Kısa sürede istihdamı ve üretimi artıramayacağımıza göre yoksulluğun daha da artmasını mı bekleyeceğiz?

Bugünden çare üretmemiz gerekiyor. Çare üretmek demek alternatif politikaları ortaya koymak, tartışmak ve en yararlı olacağına inanılanı uygulamaya koymak demektir.

-İşsizleri, maaş, ücret ve yevmiyeli yoksulları ile emekli yoksullarını kaderleriyle baş başa bırakamayız. Ekonomi harekete geçinceye kadar bütçeden bu yoksullara destek sağlamaya mecburuz..

2010 bütçesi TBMM'de şekillenirken gıda ve gıda dışı yoksulluk sınırı altındaki insanlarımıza destek sağlamaya dönük ödenekler artırılmalıdır.

-Kısa sürede tarımda ve üretimde gelir artıracak politikaları uygulamaya koymak zorundayız. Tarımda boş toprak var. Çalışacak insan var. İnsanlar üretim yapamıyor. Ne üreteceklerini bilemiyor. Ürettiği elinde kalıyor. Ürettiği para etmiyor.

Tarım Bakanı, bakanlığında masa başında oturan ziraatçıları tarlaya çıkaracak. 2010 yılı destekleme primlerini cesur bir şekilde ayarlayarak bugünden açıklamalıdır.

- Ucuz döviz, bizim sanayiimizi krizden önce yıktı. Krizden sonra vadeli çek zincirinin kopması, KOBİ'lerin SSK ve vergi borçları nedeniyle kredi kanallarının kapanması sonucu Anadolu'da üretim durdu. İnsanların harcama gücünün gerilemesi ve ihracat pazarlarının tıkanması ile büyük sanayi üretimi kıstı.

- Sanayide üretimi harekete geçirmenin yolu (1) Akıllı döviz kuru politikası. (2) İç piyasayı harekete geçirmek için iç talebi canlandırmaya dönük tedbirler, (3) KOBİ'lerin vadeli çek, SSK ve vergi borçları sorunları ile ilgili düzenlemeler yaparak duran çarkın hemen dönmesini, Anadolu'da üretimin canlanmasını sağlamaktır.
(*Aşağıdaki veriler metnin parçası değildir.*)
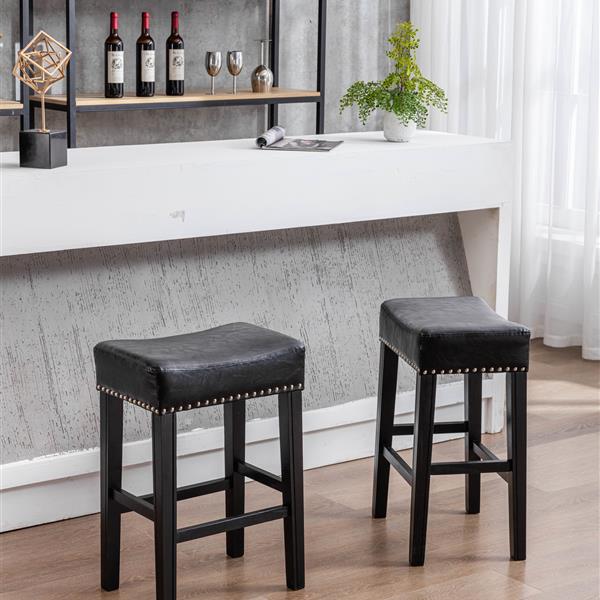 Furniture,Counter Height 26" Bar Stools for Kitchen Counter Backless  Faux Leather Stools Farmhouse Island Chairs (26 Inch, Black, Set of 2)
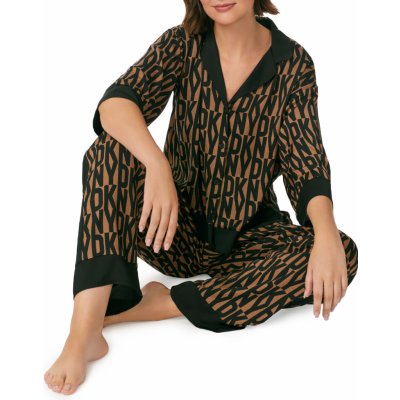 DKNY dámské pyžamo černo hnědé – Zboží Mobilmania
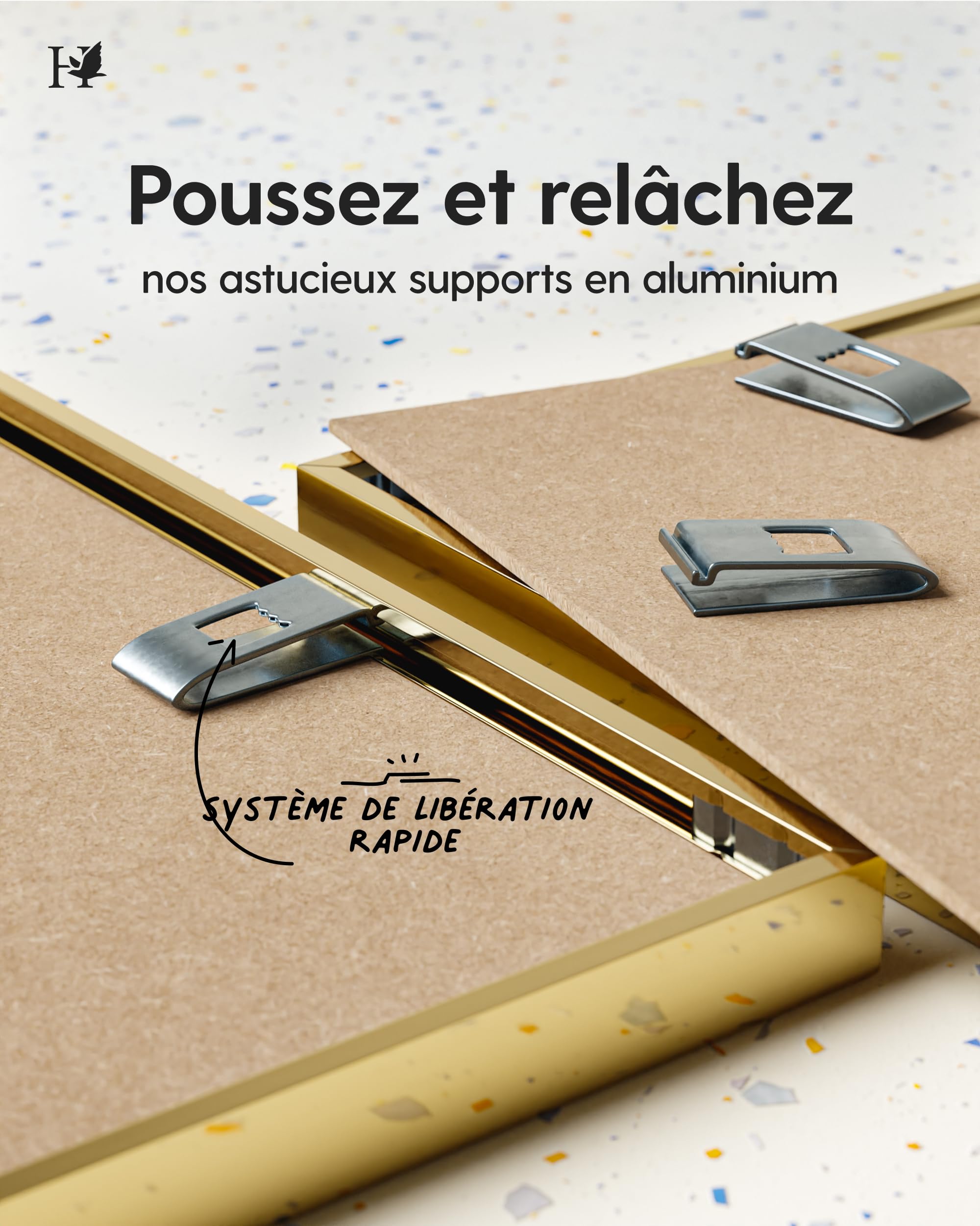 Heimlich® 2x Cadre Photo 30x30 cm en Aluminium Doré | Cadre 30x30 cm | Cadre à Documents 30x30 | Verre Acrylique Incassable Excellente Qualité Durable | Décoration Murale 30x30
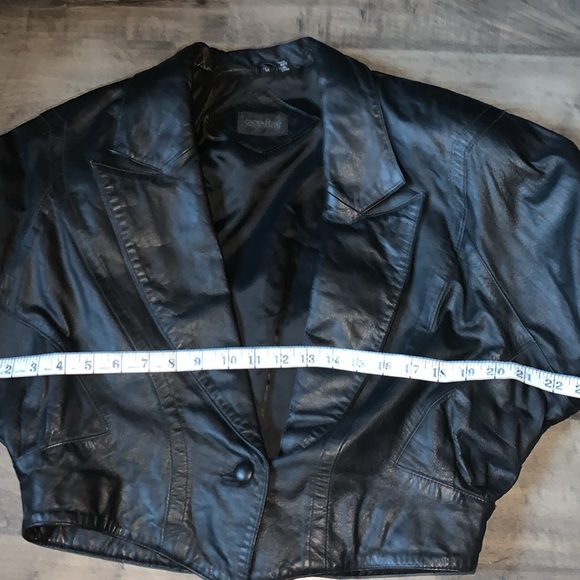 VINTAGE JENNIFER BLACK LEATHER JACKET 80’s STYLE - Picture 7 of 9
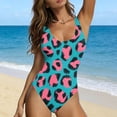thumbnail image 1 of Lenago Plus Size One-piece Swimsuit for Women Close-fitting Monokini with Floral Printing Summer Beach Fashion Swimwear Push Up Bikini Sets Vacation Holiday S-2XL, 1 of 6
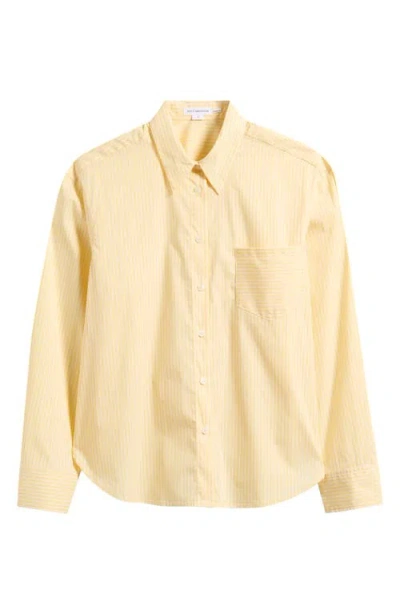 Good American Boxy Stripe Cotton Poplin Blend Button-up Shirt In Yellow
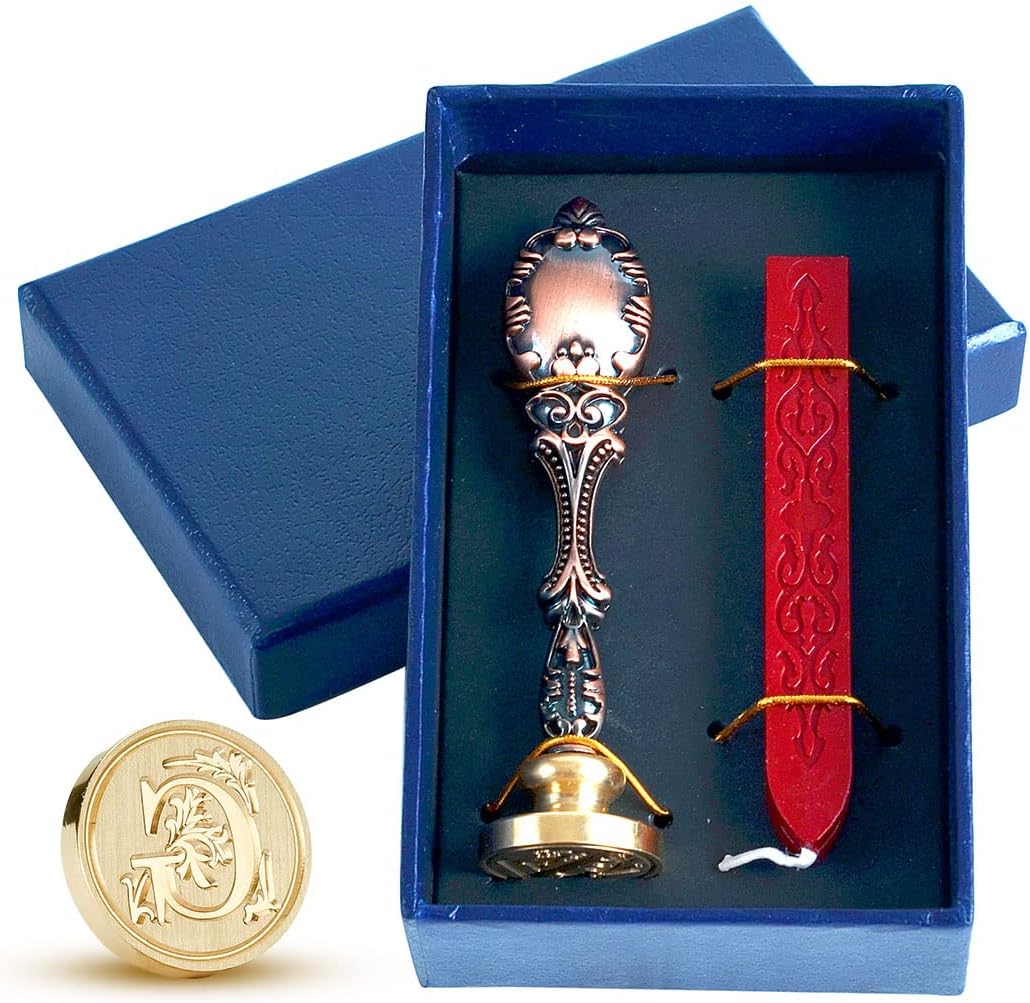 Wax Seal Stamp kit, Envelope Seals Sticker DIY Kit - Retro Sealing Wax Candle + Classic Initial Alphabet Seal Stamp Letter G - in Blue Gift Box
Bizim yoksulluk, işsizlik sorunumuz kriz ile ortaya çıkmadı. Krizden önce de vardı. Ama kriz sorunun boyutunu büyüttü.

Yoksulluk sorunu da işsizlik sorunu da kendiliğinden çözülemez. Üretim kendiliğinden artmaz. "Her şey bozulduğu gibi kendi kendine düzelemez". Dünyanın her ülkesinde devlet denilen gücün öncelikli sorumluluğu halkın iş ve aş sorununu çözmektir.

Türkiye'nin gündemine bakıyoruz. Gündemde istihdam, üretim, yatırım gibi konular yok.